Content-Type: text/html; charset=UTF-8

Une espèce d'homme à qui l'on fera croire ce que l'on voudra


"Vous savez que pour l'esprit, il n'en a pas grâces à Dieu grande provision, et je le livre pour une espèce d'homme à qui l'on fera toujours croire tout ce que l'on voudra. "
Les Fourberies de Scapin, II, 4

Selon Scapin, Argante est à ranger parmi les individus crédules et superstitieux que les habiles politiques doivent savoir manipuler, selon l'idée exprimée dans les Considérations sur les coups d'état (1667) de Gabriel Naudé :

Et comme nous avons dit ci-dessus qu'il y avait quatre ou cinq moyens d'attraper ou tromper les trop crédules et superstitieux, aussi faut-il que celui qui se méfie de les pratiquer, ne soit pas si sot que de s'y laisser prendre par d'autres, qui s'en voudraient servir contre lui-même.
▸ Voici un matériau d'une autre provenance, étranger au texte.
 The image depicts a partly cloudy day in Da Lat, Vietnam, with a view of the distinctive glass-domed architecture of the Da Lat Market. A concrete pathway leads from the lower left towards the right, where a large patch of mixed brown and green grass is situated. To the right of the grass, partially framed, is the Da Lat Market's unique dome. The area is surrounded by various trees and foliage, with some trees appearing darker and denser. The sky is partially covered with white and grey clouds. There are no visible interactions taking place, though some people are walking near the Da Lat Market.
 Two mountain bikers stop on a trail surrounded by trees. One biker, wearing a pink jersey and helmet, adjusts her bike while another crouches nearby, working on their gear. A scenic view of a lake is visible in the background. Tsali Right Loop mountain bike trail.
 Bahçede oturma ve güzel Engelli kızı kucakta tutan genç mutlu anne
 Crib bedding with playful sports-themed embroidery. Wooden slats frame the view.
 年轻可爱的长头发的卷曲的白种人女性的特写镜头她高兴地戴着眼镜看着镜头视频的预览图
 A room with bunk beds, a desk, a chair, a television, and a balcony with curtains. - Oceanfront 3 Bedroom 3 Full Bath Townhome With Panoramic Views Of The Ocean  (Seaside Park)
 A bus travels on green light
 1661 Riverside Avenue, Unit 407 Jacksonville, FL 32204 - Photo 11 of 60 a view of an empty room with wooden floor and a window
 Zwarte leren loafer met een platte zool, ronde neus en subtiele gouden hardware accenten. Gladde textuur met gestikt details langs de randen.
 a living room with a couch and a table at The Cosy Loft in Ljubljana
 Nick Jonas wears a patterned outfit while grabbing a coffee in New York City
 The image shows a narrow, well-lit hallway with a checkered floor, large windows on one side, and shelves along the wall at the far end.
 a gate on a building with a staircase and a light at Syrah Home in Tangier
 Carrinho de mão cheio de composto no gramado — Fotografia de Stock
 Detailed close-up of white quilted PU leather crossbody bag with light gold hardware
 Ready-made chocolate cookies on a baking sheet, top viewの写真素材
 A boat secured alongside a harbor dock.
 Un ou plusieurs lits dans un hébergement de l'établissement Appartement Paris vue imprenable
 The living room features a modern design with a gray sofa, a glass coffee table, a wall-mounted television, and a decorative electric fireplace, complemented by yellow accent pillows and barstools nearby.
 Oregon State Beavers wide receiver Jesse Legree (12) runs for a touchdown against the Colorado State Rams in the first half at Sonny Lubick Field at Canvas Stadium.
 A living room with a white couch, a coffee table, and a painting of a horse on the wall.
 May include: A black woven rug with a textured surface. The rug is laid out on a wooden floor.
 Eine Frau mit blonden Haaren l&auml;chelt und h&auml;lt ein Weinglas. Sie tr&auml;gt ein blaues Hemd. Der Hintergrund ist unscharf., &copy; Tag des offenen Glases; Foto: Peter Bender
Joint qu'à un ministre qui aura l'esprit assez bas pour le ravaler et soumettre à la créance de tant de fables, impostures, faux miracles, tromperies, et charlataneries qui se font ordinairement, ne pourra pas donner grande espérance de bien réussir en beaucoup d'affaires où il faut gaillardement enjamber par-dessus toutes ces folies. Les souplesses d'état, les artifices des courtisans, les menées et pratiques de quelques avisés politiques, trompent aisément un homme plongé dans des dévotions excessives et superstitieuses. La prédiction d'un devin, le croassement d'un corbeau, la rencontre d'un Maure, un faux bruit, quelque vaudeville, tromperie, ou superstition lui feront perdre l'escrime, l'étonneront, et le réduiront à prendre quelque parti honteux et déshonnête. A quoi s'il est tant soit peu porté de sa nature, la superstition, soeur germanique de cette crédulité, l'y plongera tout à fait et lui ôtera si peu de jugement qui lui pouvait rester.